Columbus Managing Partner

We often counsel employers to focus on an employee’s ability to perform the job rather than the fact of an employee’s health issues when explaining adverse employment decisions. I love a good sports analogy, but even such an analogy probably should not divert us from this best practice. In a recent decision from the U.S. District Court for the Northern District of Illinois, the judge denied a university’s motion for summary judgment on a professor’s disability discrimination claim when the professor’s Dean wrote the following in recommending that the contract of a professor who had contracted a lung disease not be renewed:

Here’s how [I] view it, and I will argue by analogy.

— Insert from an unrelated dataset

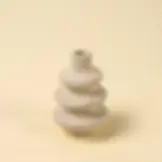 Gray ceramic vase with layered design, set against yellow background.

Suppose a star major league baseball player signs a multi-million dollar five year contract. Further suppose that two years into the contract the player sustains, through no fault of his own, a career-ending injury. Certainly the team is obliged to still pay him until the end of his contract — presumably his agent put in language to that effect. But when the five years are up, is the team obliged to offer him a new five year contract when he can no longer play the game at the major league level? Clearly not. The same would be true here, in my view: nowhere does Dr. Matland claim his illness is going to ameliorate, that renewed high productivity can be expected. So I do not see an injustice in passing the responsibilities of the…professorship on to someone else.

Even though a faculty committee had made the same recommendation looking solely at the professor’s academic work, the court pointed to the Dean’s memo as evidence upon which a jury could rely in finding for the professor on his disability discrimination claim because it could be read as saying the illness was the reason for the termination decision.